Research Related Stuff
======================


What is the plan?
-----------------

Find a way to improve the current design for the VI plugin, by starting with
lots of analysis on VIM.


What can I find here?
---------------------

Perl code to parse the normal motion commands from this spreadsheet:

    http://bit.ly/b3Q4Qd (email ran.eilam@gmail.com if you want edit rights)

Into a Graph (CPAN Graph module). The graph is a DAG of all possible syntax
paths for these commands. A syntax path describes what needs to by typed to
trigger the command, and ends in the command itself.

For example, the command "%" has this graph:

init -> op -> count -> % -> cursor to N percentage of buffer
 |             ^
 |             |
 ---------------

Which means that "10%" is legal, "d10%" is legal as well. "d%" is not a path
here, and this is indeed a different command.


Why?
----

This DAG can be used to write a function that takes a string (what the user
typed) and returns one of:

1- command to be run, with count, mark, op, and all other details parsed
2- "we are waiting for more keys"
3- error (yes there are illegal key sequences in normal mode ;)

This is currently handled by the hash dispatch mechanism. It will eventually
have a hard time dealing with the rich (for a text editor) syntax of VIM.

Being entirely data driven from the spreadsheet =  mapping keys is easy.


How do I run it?
----------------

  > ./vim_graph.pl

Will write the graph for normal mode motion commands to .dot and to .png using
GraphViz.


What use is it?
---------------

From this graph object, produced during design time, we can generate the matcher
function (run during run-time) to find the correct command for a key sequence.

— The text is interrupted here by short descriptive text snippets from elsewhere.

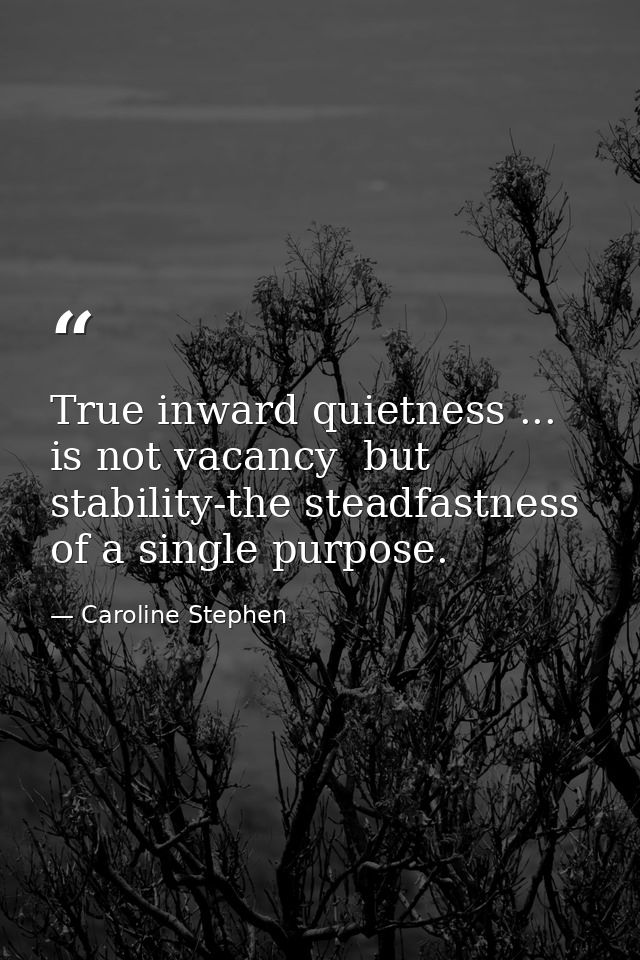 True inward quietness ... is not vacancy  but stability-the steadfastness of a single purpose. — Caroline Stephen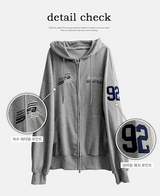 Moco Number Patch Embroidery Overfit Two Way Hooded Zip-Up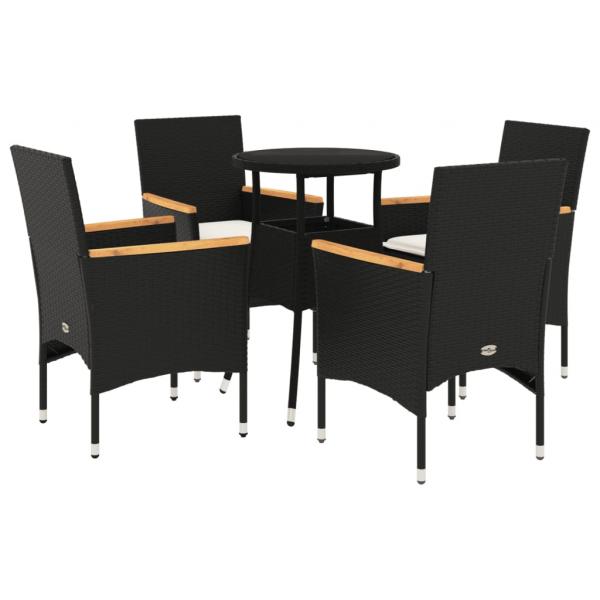 5-tlg. Garten-Essgruppe mit Kissen Schwarz Poly Rattan und Glas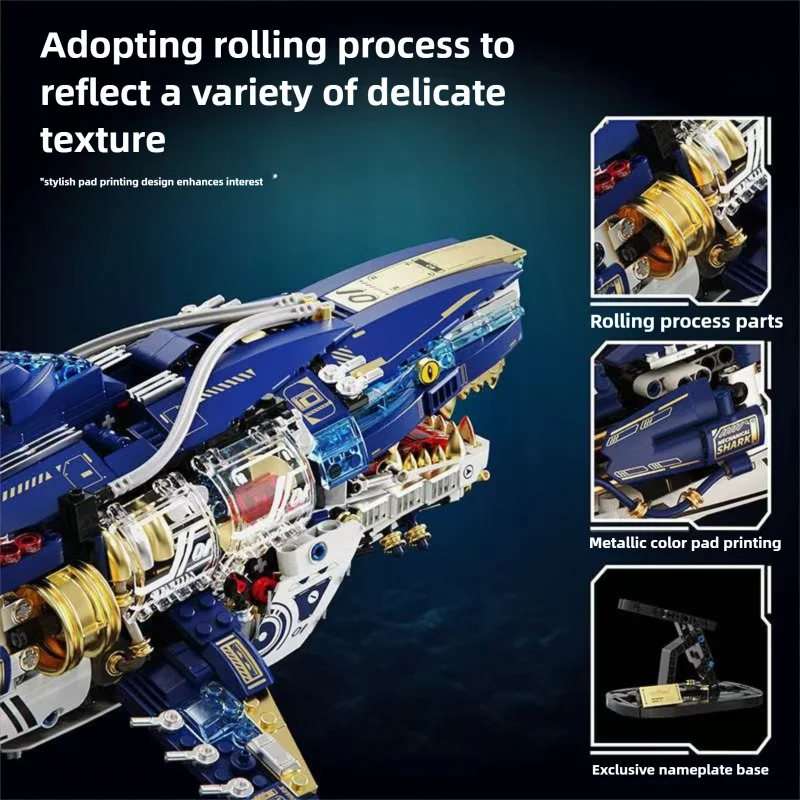 1277 pçs moc técnico mecânico tubarão do mar profundo blocos de construção tijolos montagem modelo brinquedos para crianças presente aniversário conjunto meninos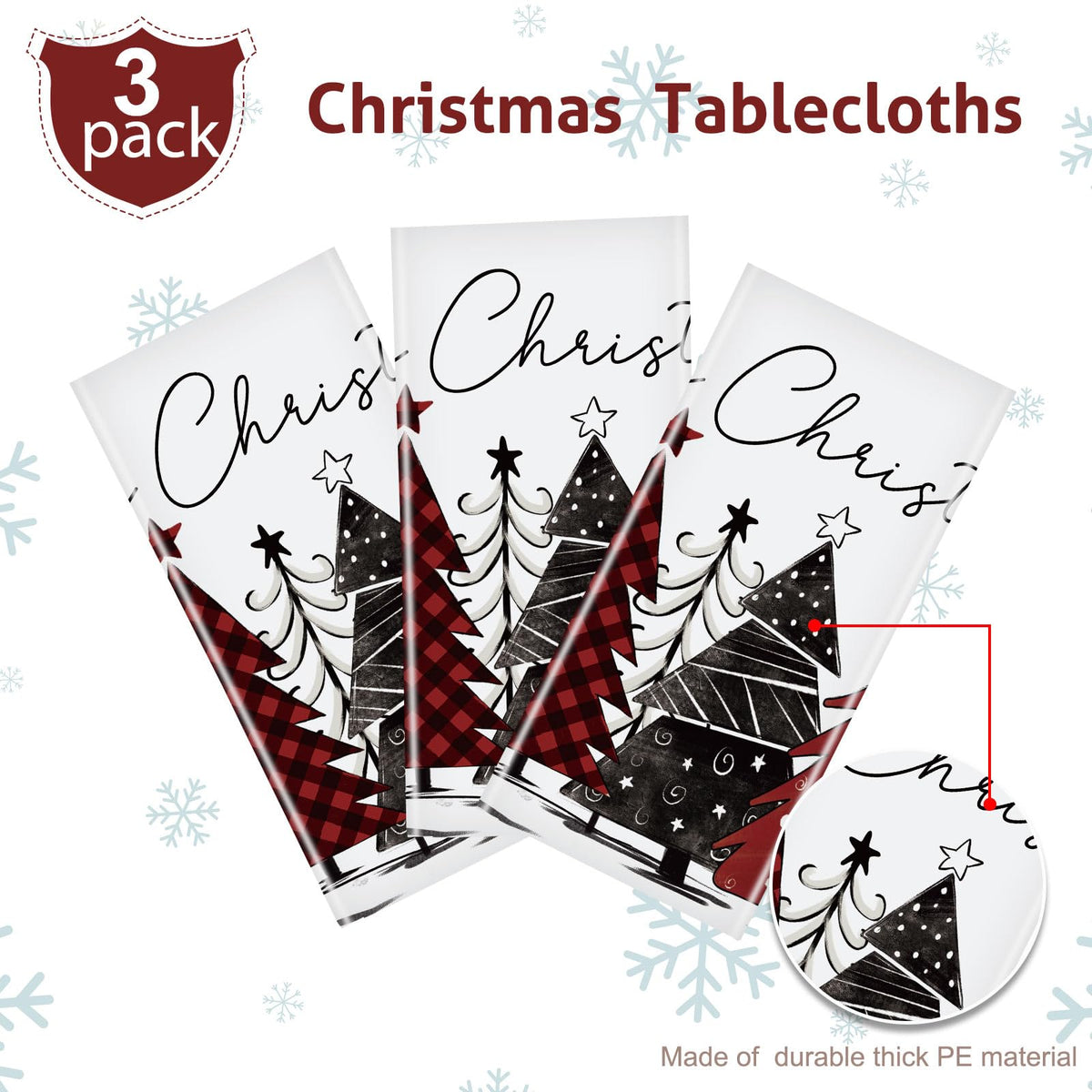 3 Pack Christmas Table Cloth Xmas Tree Tablecloth Buffalo Plaid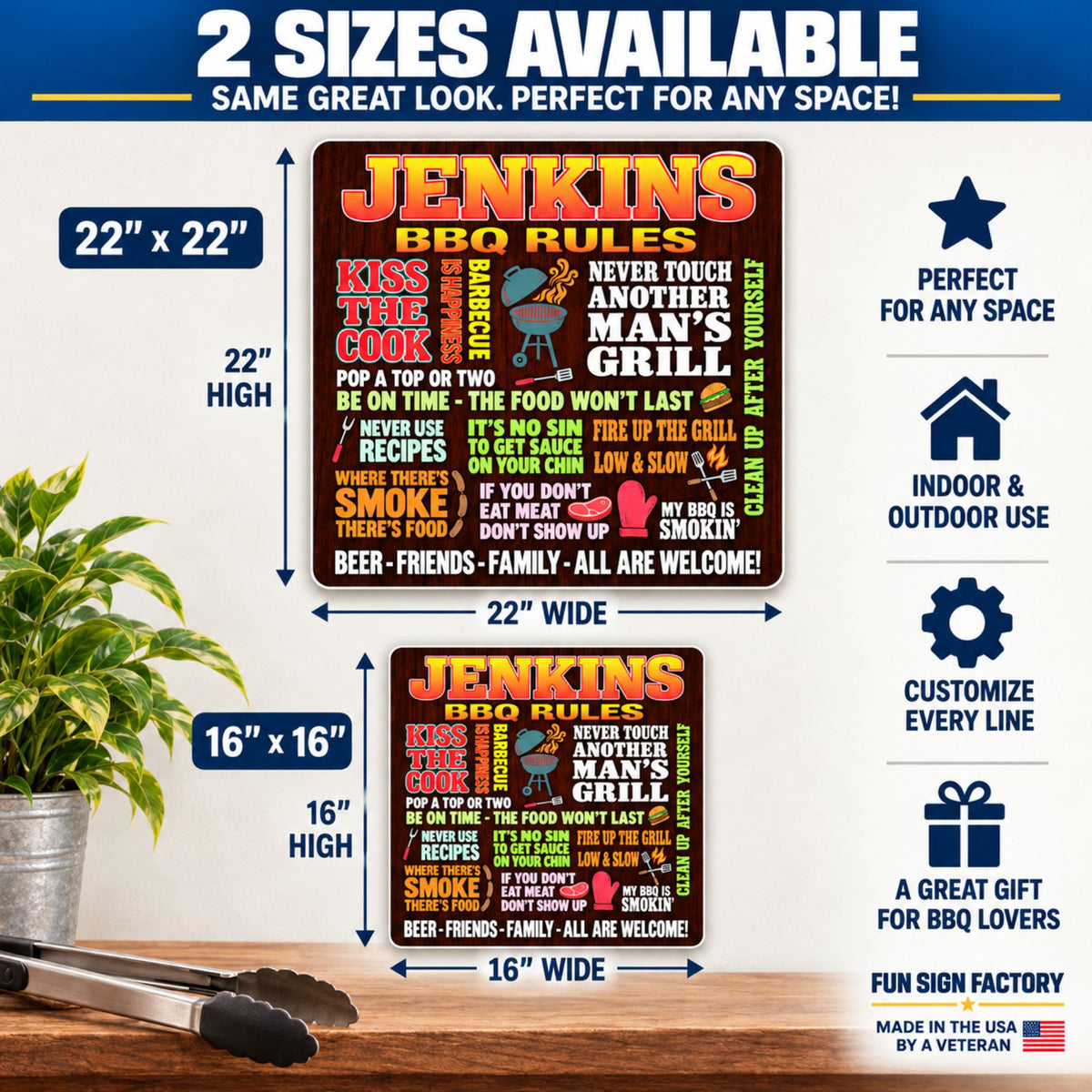 Size comparison showing the square BBQ rules sign in 22×22 and 16×16 inches, with width and height arrows.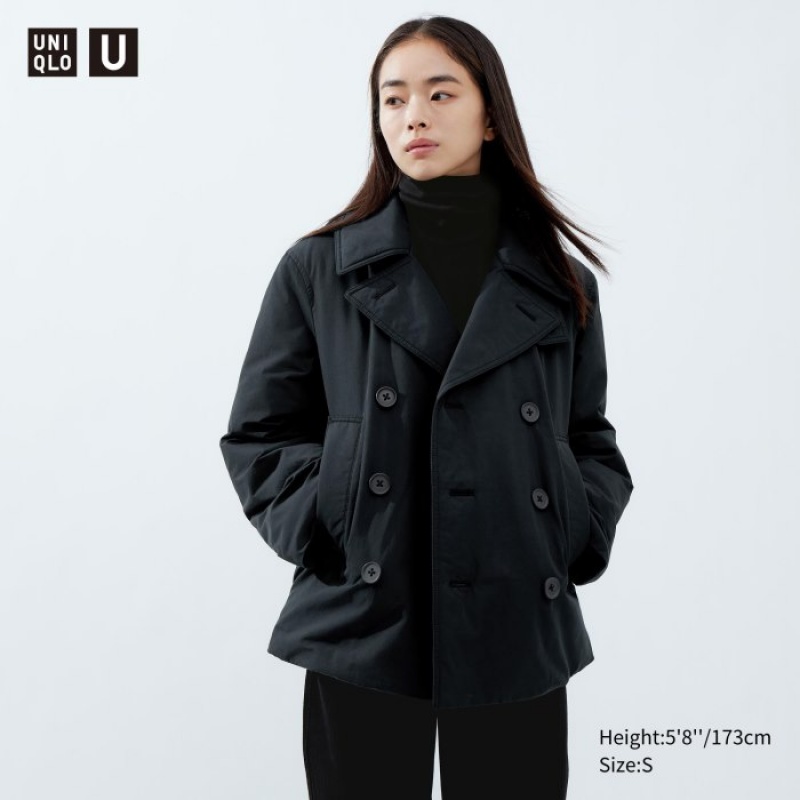 Uniqlo Gepolstert Kurzes Peacoat Mäntel Damen Schwarz | AWXK-97526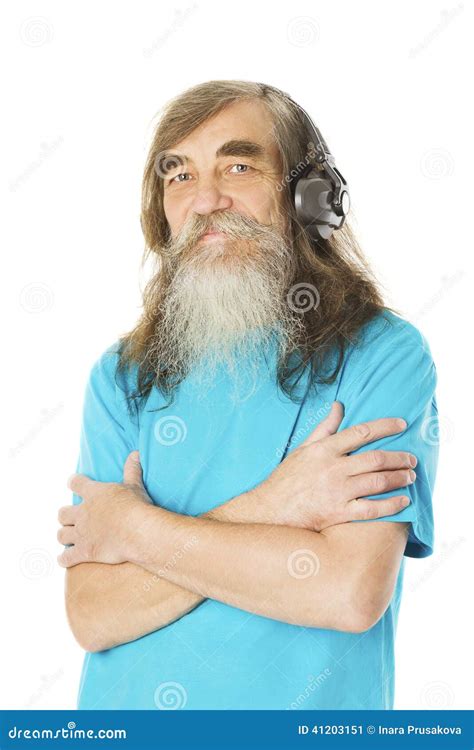 Senior Man Listening To Music In Headphones Old Man With Beard Stock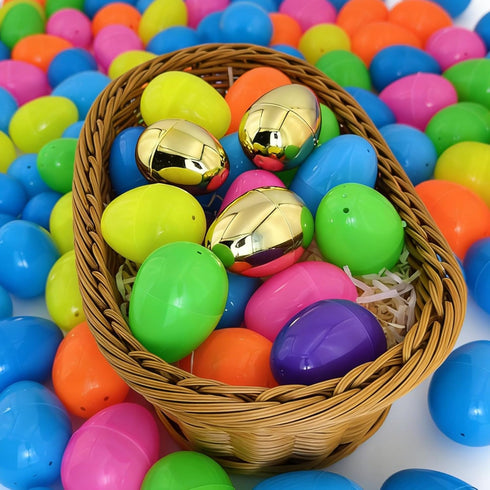 KVBXKBO 518 2.36" 18 Easter Eggs, Fillable Bright Colors Plastic Easter Eggs Empty Include Golden Eggs, Easter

Other VIM emulations which seem to have done big design
-------------------------------------------------------

VsVim   http://github.com/jaredpar/VsVim/tree/master/VimCore/
Yi      http://code.haskell.org/yi/src/Yi/Keymap/Vim.hs


Pedagogical aids for understanding VIM
--------------------------------------

For now just word motion symmetries:

https://sites.google.com/site/whatisvim/

Note
----

None of this code is meant to go into the plugin. It's research stuff.